#### [WORK ORDER]
Repeat the listing exactly, minus the pictures.

#### [COLLECTED DATA]
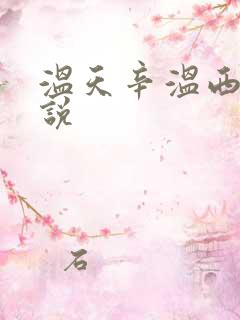 温天辛温西离小说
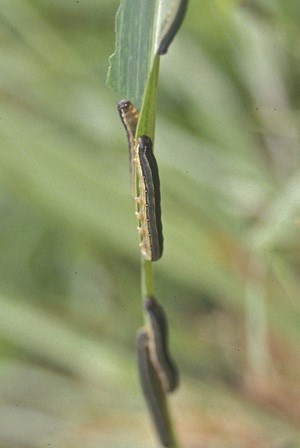 Maize farmers worried as worms attack farms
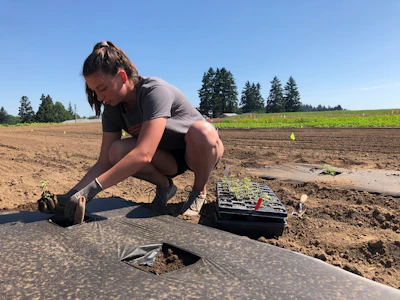 In this Thursday, June 13, 2019, photo, Jennifer Lane, a student intern at the Oregon State University Extension Center, plants a hemp seedling in a field at one of the research stations for Oregon State's newly announced Global Hemp Innovation Center in Aurora, Ore. The center will be the largest such research hub in the U.S.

#### [RESULT OF THE TASK]
 温天辛温西离小说
 Maize farmers worried as worms attack farms
 In this Thursday, June 13, 2019, photo, Jennifer Lane, a student intern at the Oregon State University Extension Center, plants a hemp seedling in a field at one of the research stations for Oregon State's newly announced Global Hemp Innovation Center in Aurora, Ore. The center will be the largest such research hub in the U.S.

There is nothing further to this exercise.